Aktuelles vom Para Radsport im Deutschen Behindertensportverband
Zehn deutsche Medaillen bei der Para Radsport-WM
Das deutsche Para Radsport-Nationalteam hat bei den Straßen-Weltmeisterschaften in Zürich einen durchwachsenen Abschlusstag erlebt. Handbiker Johannes Herter konnte das H3-Straßenrennen wegen technischer Probleme nicht beenden. Zweiradfahrerin Kerstin Brachtendorf (C5) wurde Fünfte. Sportlich hat das Team mit einer Goldmedaille, drei Silber- und sechs Bronzemedaillen insgesamt überzeugt. Überschattet wurde die inklusive WM vom Unfall-Tod einer Juniorin aus der Schweiz.

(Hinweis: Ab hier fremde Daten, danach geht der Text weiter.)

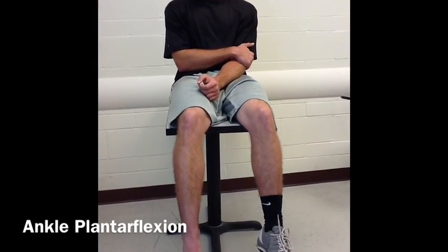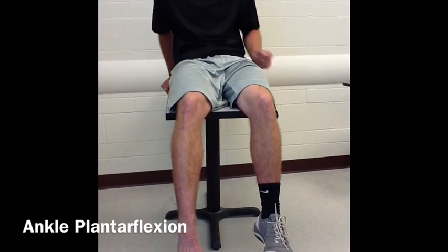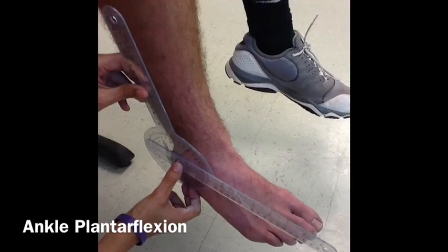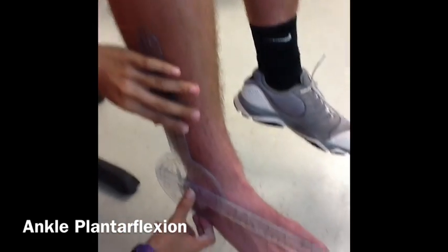Now, we will be measuring plantarflexion. Have your patient remain in a short sitting position with their legs hanging off the table. Align the fulcrum of the goniometer with the lateral malleolus. Place the stationary arm in line with the midline of the lower leg and the movement arm with the fifth metatarsal.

Zürich bereitete dem deutschen Team zum WM-Abschluss strömenden Regen und reichlich Pech. Für Johannes Herter (H3) endete das Straßenrennen am Samstag wegen eines technischen Defekts vorzeitig. „Mir ist unmittelbar nach dem Start die Speiche gebrochen. Anschließend hat das Rad so stark geeiert, dass nichts mehr ging“, sagte Herter enttäuscht. Kurz nach Herter startete Zweiradfahrerin Kerstin Brachtendorf (C5). Auf regennassem Untergrund sprang der fünfte Platz für sie heraus. Brachtendorf hatte Bronze im Zeitfahren gewonnen und damit die erste deutsche Medaille bei dieser WM eingefahren.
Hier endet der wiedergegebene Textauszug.